De geblondeerde zomer, of wat daarvoor moet doorgaan, tiert op dit moment niet uitgesproken welig. Desalniettemin vangt vanavond ook in de Vlaamse kustprovincie de bouwvakvakantie aan, hetgeen vanzelfsprekend met allerhande feestelijkheden gepaard gaat, die vooral in kroegen en cafés zullen plaatsgrijpen.

Bij de groenteboer verkondigde Karin, die haar leven met een metselaar deelt, dat ze op zondagmorgen naar de Dolle Mieten wilden vertrekken, maar vanavond nog eerst een barbecue zouden aanrichten. Mijn neusvleugels sidderden van afgrijzen, want ik heb zo’n levendige fantasie dat ik reeds de walmen van houtskool en carboniserende stukken lijk kon opsnuiven.
─”’t Hoat pertank stront met akstjes reehn’n”, zei iemand die het West-Vlaams beheerste, maar niet bepaald over een charmante babbel beschikte, want ‘het zal nochtans stront met haakjes regenen’ kan men bezwaarlijk beschaafd taalgebruik noemen.
Allen daar aanwezig spanden zich in om niets te laten blijken van leedvermaak over een verregende barbecue. Karin liet zich niets aan de weersvoorspellingen gelegen liggen. Ze deed haar inkopen en vertrok.

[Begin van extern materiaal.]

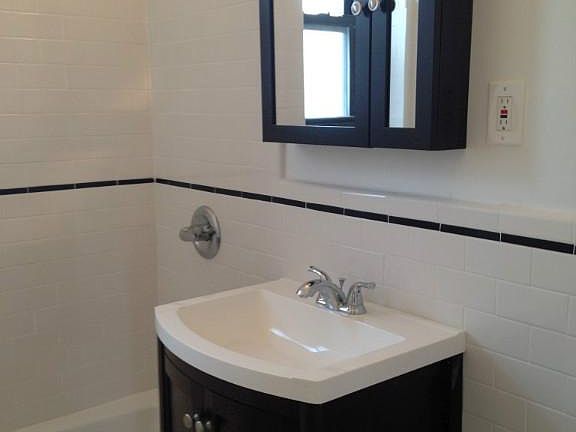 3rd image of 165-20 Highland Ave #600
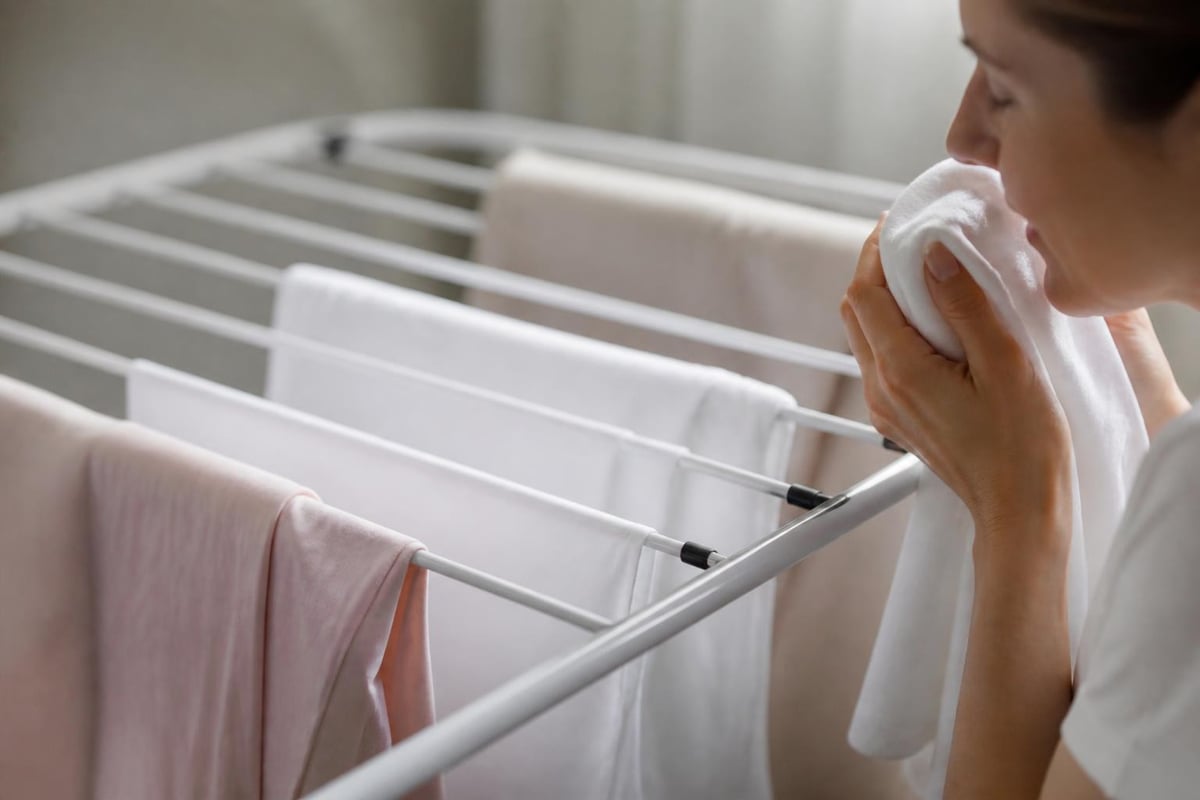 How fragrance chemicals remain on fabric fibers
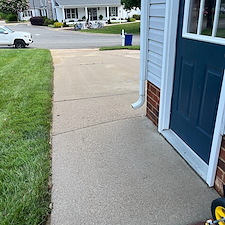 Rain-from-Above-Expert-House-Washing-and-Driveway-Cleaning-Services-Now-Transforming-Homes-in-Mechanicsville-VA 5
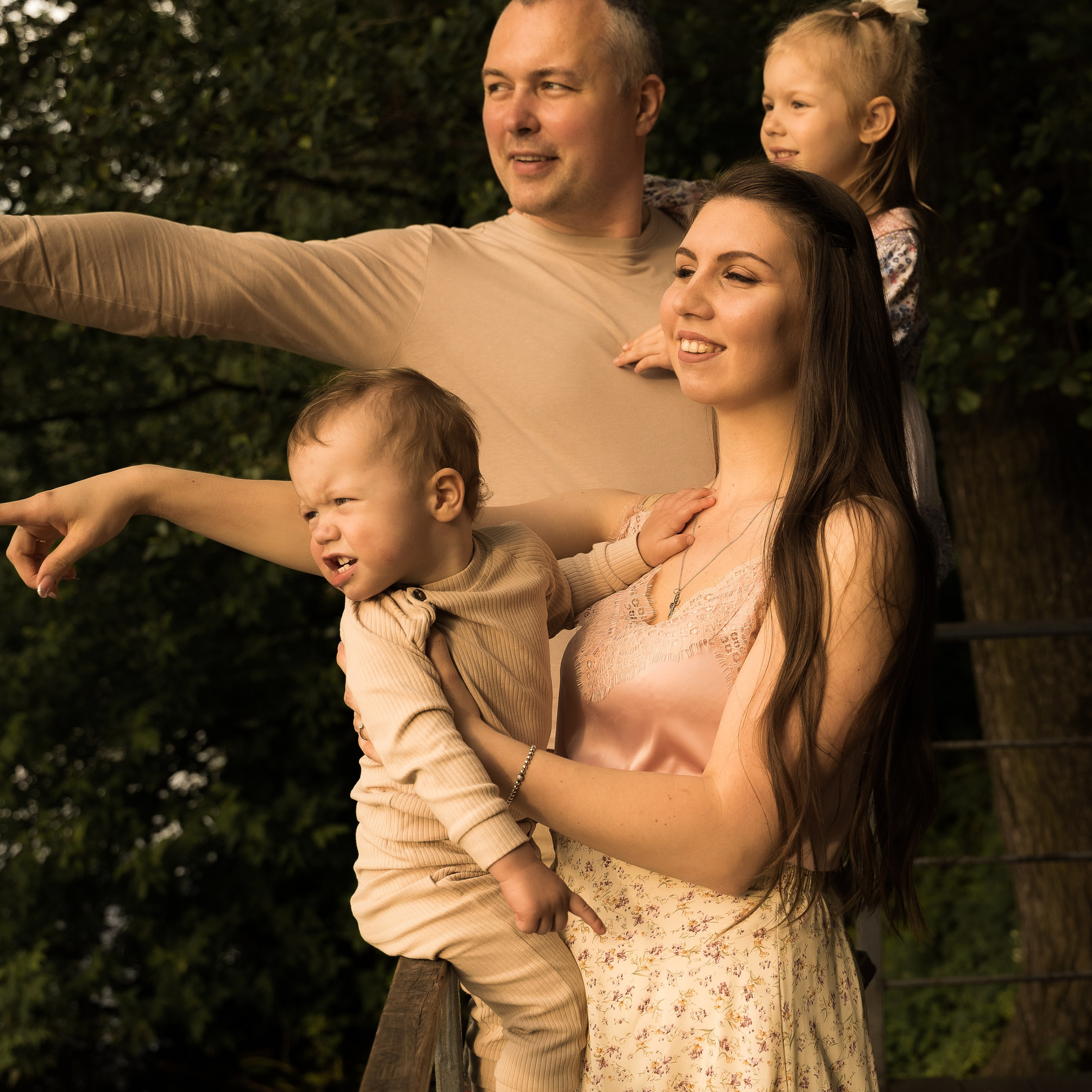 Семья Натальи. Прогулка.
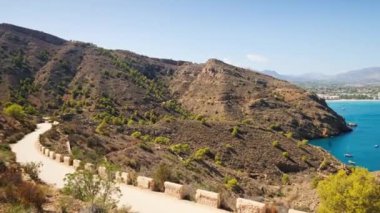 Dağlardan, denizin güzel manzarasına ve düşüşlerine bak.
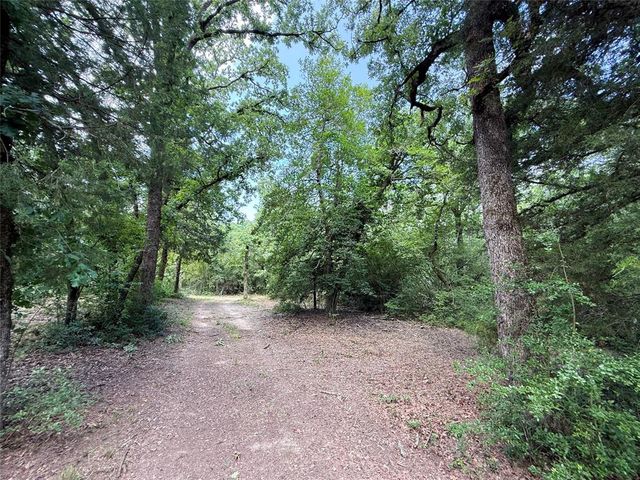 16316 County Road 224, Oakwood, TX 75855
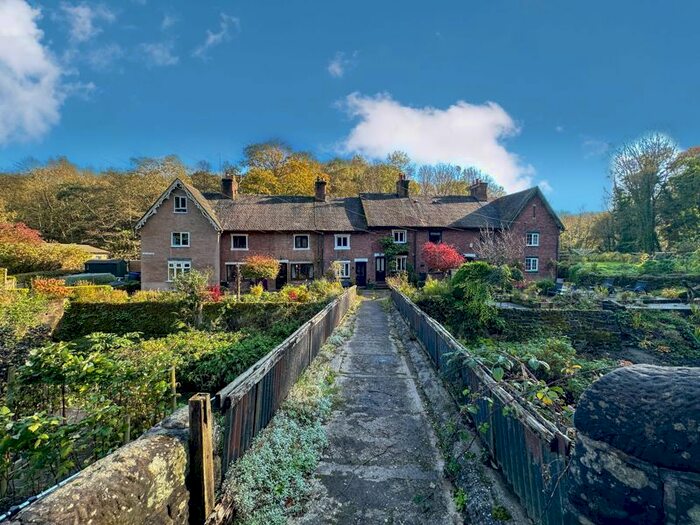 2 Bedroom Cottage For Sale In Mill Road, Oakamoor, Staffordshire, ST10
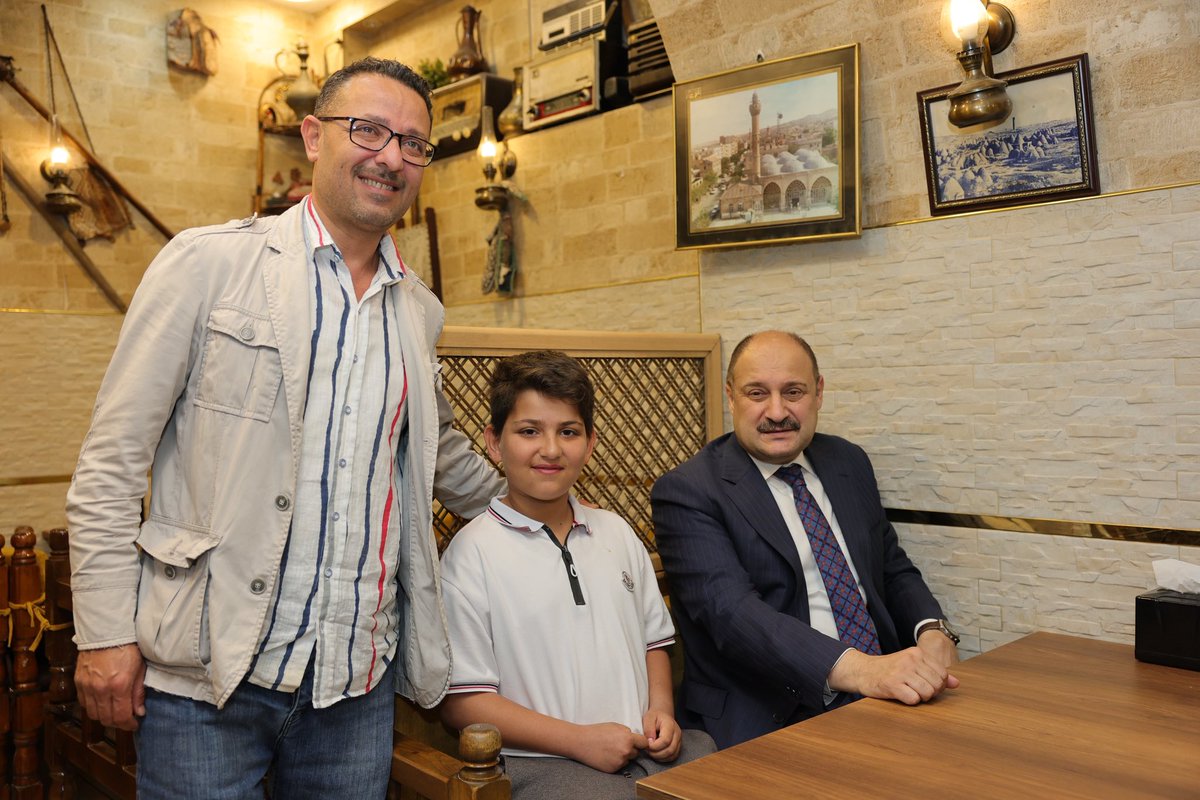 nedimatilla's tweet photo. 🤝 Samimiyetle atılan her adım, gönülden gönüle uzanan en güzel yoldur…

Birlikte yürüdükçe anlam kazanan, paylaştıkça çoğalan bir hikâye… 🤍

#MehmetKasımGülpınar 

📍Şanlıurfa / Divanyolu Caddesi https://t.co/9G2GnB2GmB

Nauwelijks een minuut later hoorden we een onheilspellende klap, gevolgd door het gekrijs van scheurend metaal en het gegiechel van brekend glas. Toen Karin een plaatsje op het asfalt wilde veroveren, had ze door al haar beslommeringen even niet opgelet en dientengevolge een formidabele klapper gemaakt. Ze was daar absoluut niet mee opgezet.

We hadden haar misschien toch even moeten waarschuwen dat het vandaag vrijdag de dertiende is en dat ze derhalve beter wat op haar hoede kon zijn voor gebeurlijke ongevallen. Er komt immers nooit iets heuglijks van die vermaledijde datum.